Bismillahirrahmanirrahim
(Bediüzzaman) Emirdağ'ında iken, Ankara'ya Nur hizmeti için gönderdiği bir talebesi, hâl-i âleme bakarak, "Bu insanlar ne zaman Nur hakîkatlerini dinleyecek? Kalın zulmet perdeleri nasıl yırtılacak? Mânevi karanlıklar nasıl izâle olacak?" diye ümitsizliğe düşer. Sonra, birgün Emirdağ'ına Üstadın yanına döndüğü zaman, o büyük Üstad der:
"Vazifemiz hizmettir; muvaffak olmak, insanlara kabul ettirmek Cenâb-ı Hakkın vazifesidir. Biz vazifemizi yapmakla mükellefiz. Sen orada, 'Bu insanlar ne zaman Risale-i Nur'u dinleyecekler?' diye ümitsizliğe düşme, merak etme! Katiyen bil ki: Mele-i Âlânın hadsiz sakinleri, bugün Risâle-i Nur'u alkışlıyorlar. Onun için, hiç ehemmiyeti yok. Kıymet kemiyette değil, keyfiyettedir. Bâzan bir halis ve fedakar talebe, bine mukabildir" diyerek, ye'sini giderir.

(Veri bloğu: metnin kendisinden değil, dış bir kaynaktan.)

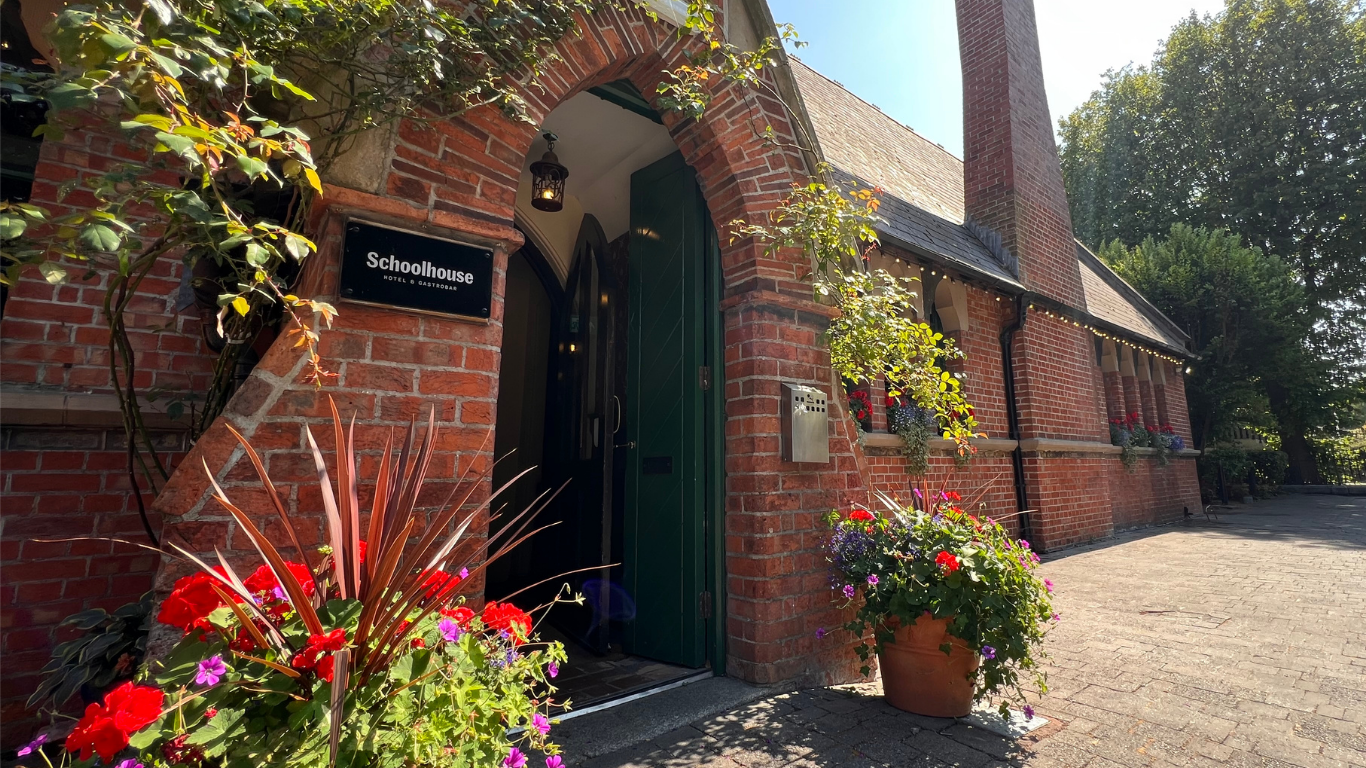 Red brick entrance to Schoolhouse Hotel and Gastrobar with a green door and flower planters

Tarihçe-i Hayat, Altıncı Kısım : Emirdağ Hayatı
SÖZLÜK:
HÂL-İ ÂLEM : Şimdiki hâl ve yaşama şekli.
MELE-İ ÂLÂ : Yüce âlem; Cenab-ı Hakk\'a daha yakın olan büyük meleklerin bulunduğu âlem.
KEMİYET : Nicelik, sayı çokluğu.
KEYFİYET : Durum, esas, içyüz, bir şeyin nasıl olduğu ciheti, kalite.